WHAT TO PRODUCE:
Please print exactly the lines from the line containing "Waffle Maker Hacks" through the end of the data, no more, and keep pictures out of the copy.
SOURCE DATA section start
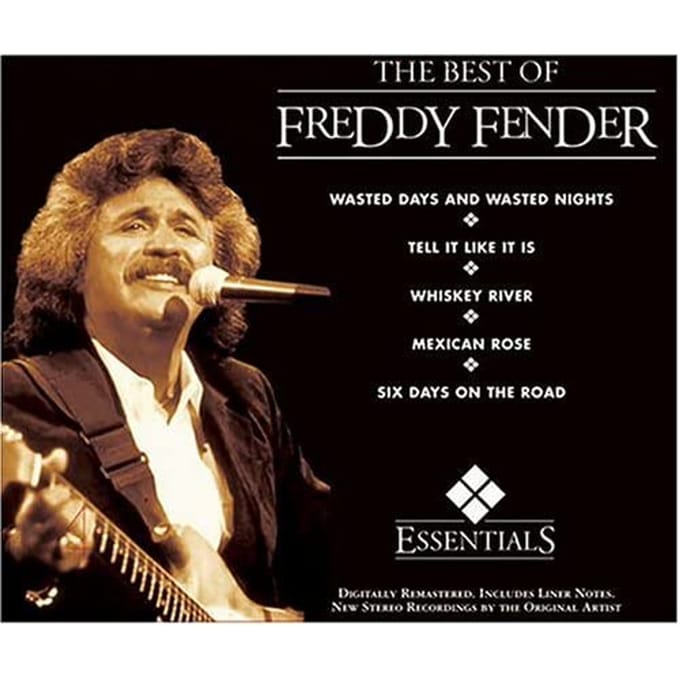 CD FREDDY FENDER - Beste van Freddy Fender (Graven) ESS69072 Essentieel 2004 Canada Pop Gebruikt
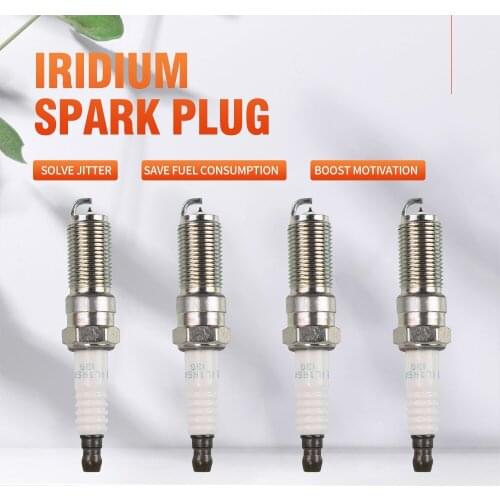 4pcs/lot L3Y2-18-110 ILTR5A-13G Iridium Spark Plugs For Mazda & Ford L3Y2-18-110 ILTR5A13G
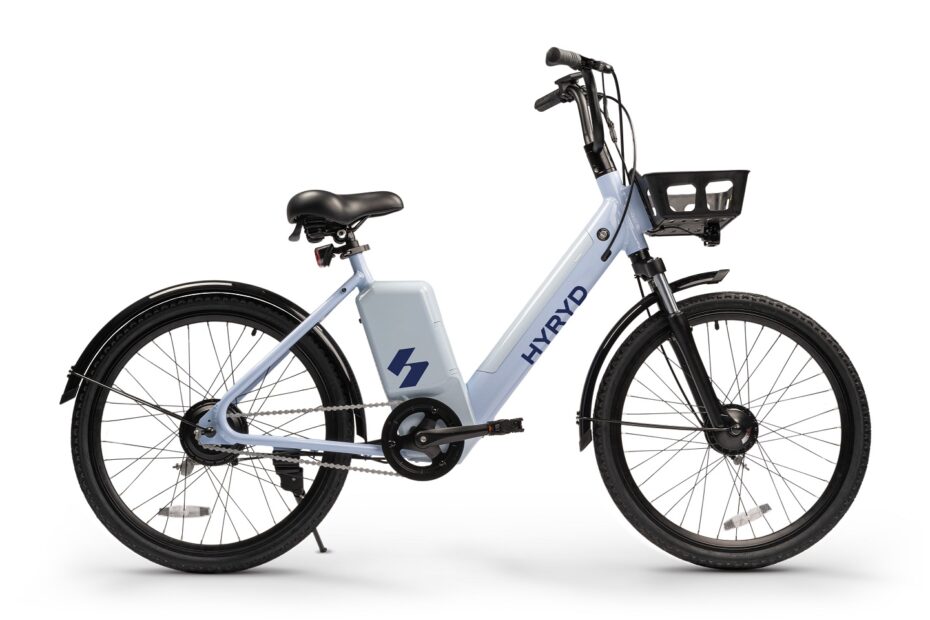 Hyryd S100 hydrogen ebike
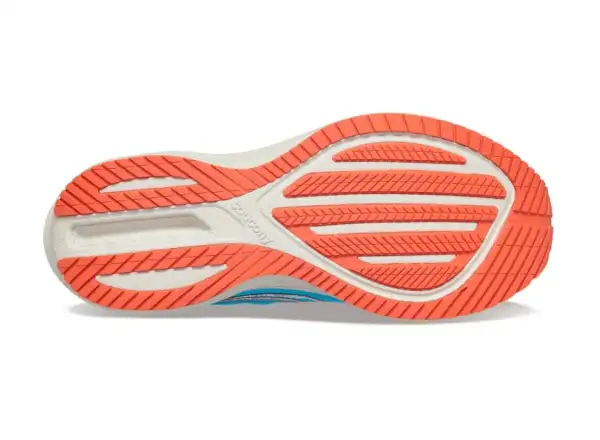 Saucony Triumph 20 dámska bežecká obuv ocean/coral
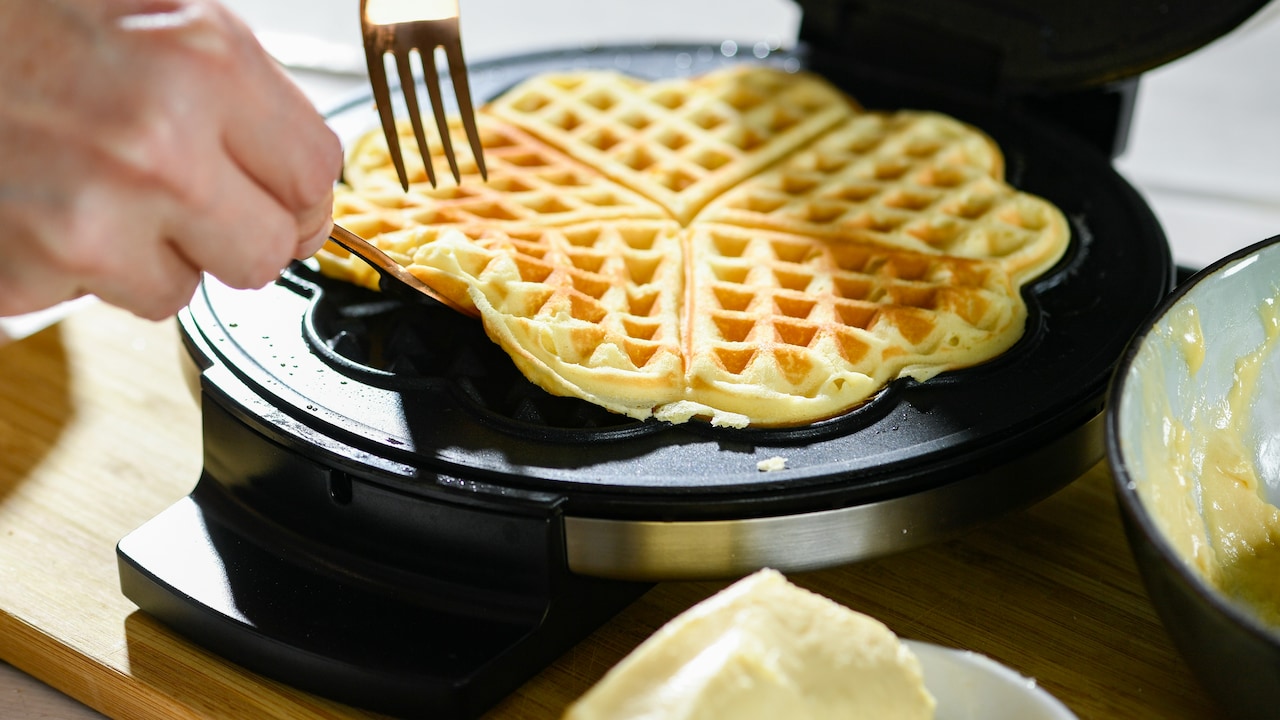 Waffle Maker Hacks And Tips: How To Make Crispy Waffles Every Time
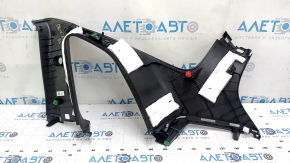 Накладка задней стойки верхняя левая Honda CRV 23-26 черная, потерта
SOURCE DATA section end
FINAL ANSWER:
 Waffle Maker Hacks And Tips: How To Make Crispy Waffles Every Time
 Накладка задней стойки верхняя левая Honda CRV 23-26 черная, потерта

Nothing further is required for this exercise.